WHAT IS EXPECTED:
Extract the opening line of the entries and every line after it, stopping at and including the line that contains "Unisex_Stainless_Steel_Silver_Finish_Snake_Chain". Do not include pictures.

(Short text fragments from websites)
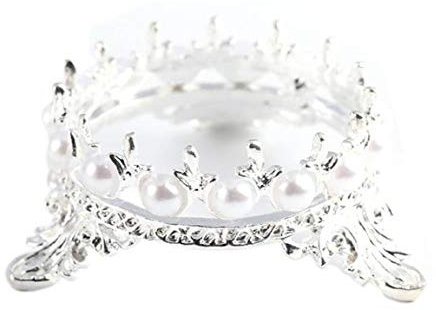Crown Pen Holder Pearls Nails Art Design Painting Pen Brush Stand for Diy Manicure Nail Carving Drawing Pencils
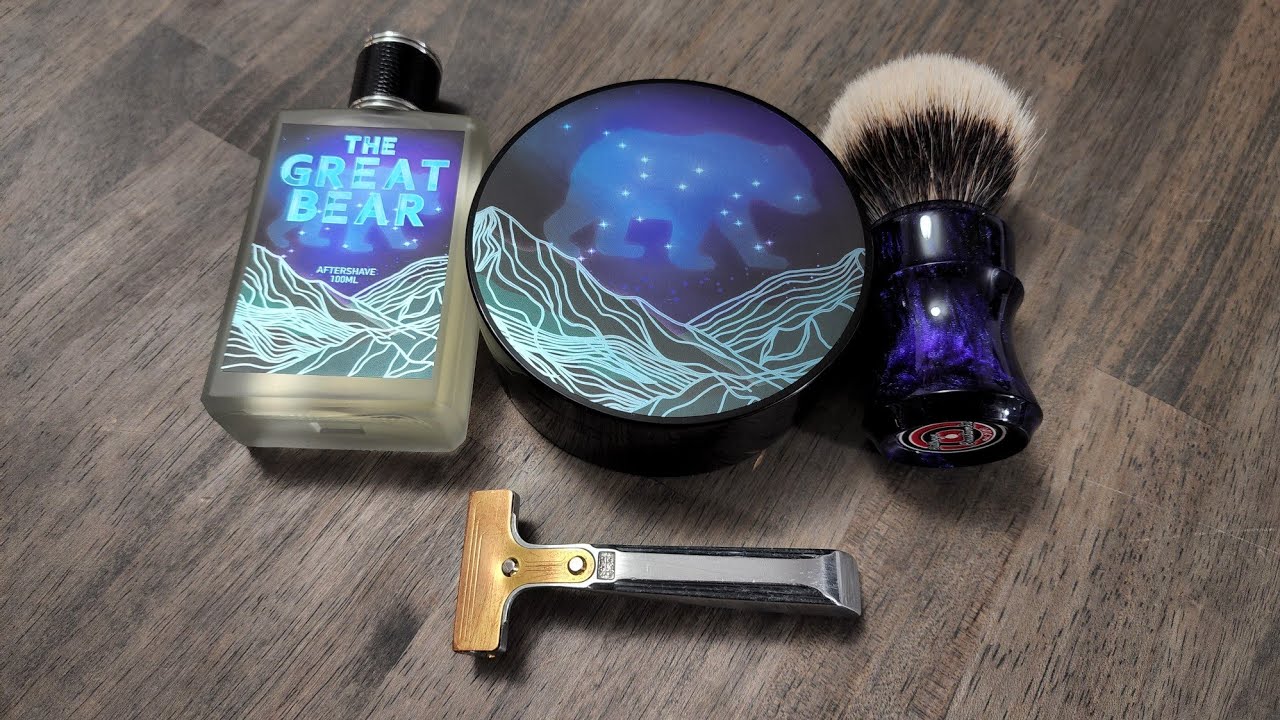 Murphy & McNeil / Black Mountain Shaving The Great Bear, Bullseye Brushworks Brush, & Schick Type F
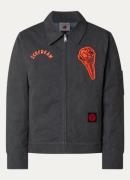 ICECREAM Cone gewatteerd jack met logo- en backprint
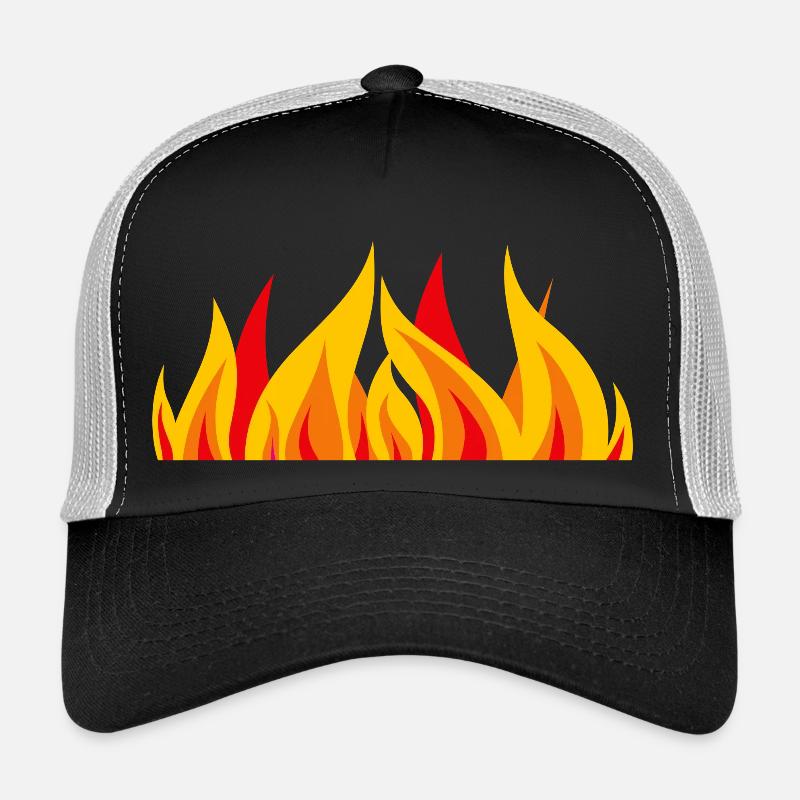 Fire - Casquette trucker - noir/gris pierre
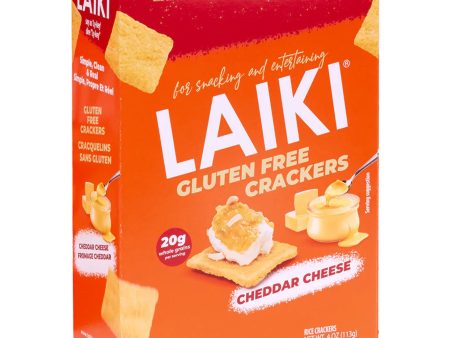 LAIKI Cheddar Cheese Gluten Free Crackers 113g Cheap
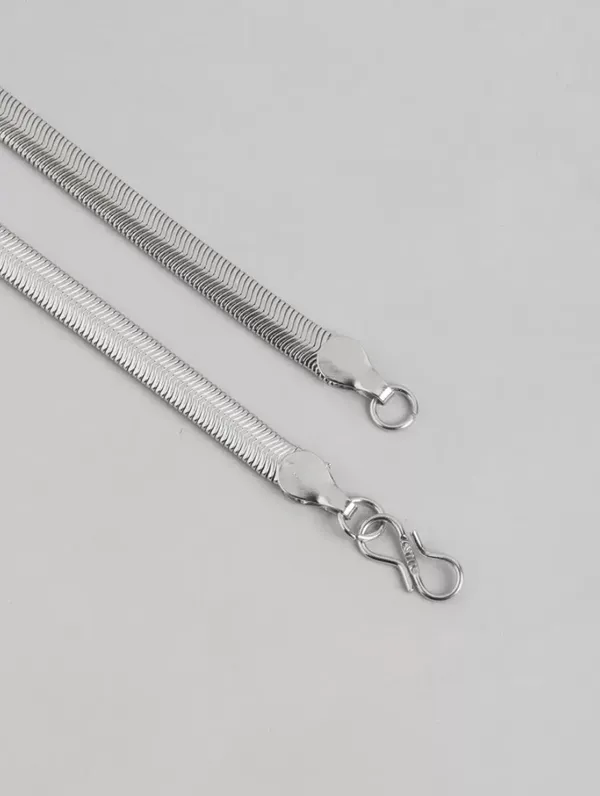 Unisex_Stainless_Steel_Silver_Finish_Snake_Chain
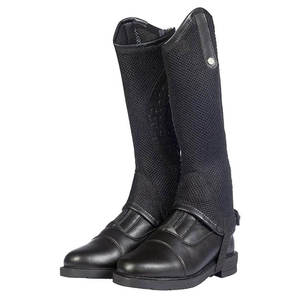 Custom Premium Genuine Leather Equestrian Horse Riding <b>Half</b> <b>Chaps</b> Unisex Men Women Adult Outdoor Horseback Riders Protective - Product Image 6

WRITTEN RESPONSE:
Crown Pen Holder Pearls Nails Art Design Painting Pen Brush Stand for Diy Manicure Nail Carving Drawing Pencils
 Murphy & McNeil / Black Mountain Shaving The Great Bear, Bullseye Brushworks Brush, & Schick Type F
 ICECREAM Cone gewatteerd jack met logo- en backprint
 Fire - Casquette trucker - noir/gris pierre
 LAIKI Cheddar Cheese Gluten Free Crackers 113g Cheap
 Unisex_Stainless_Steel_Silver_Finish_Snake_Chain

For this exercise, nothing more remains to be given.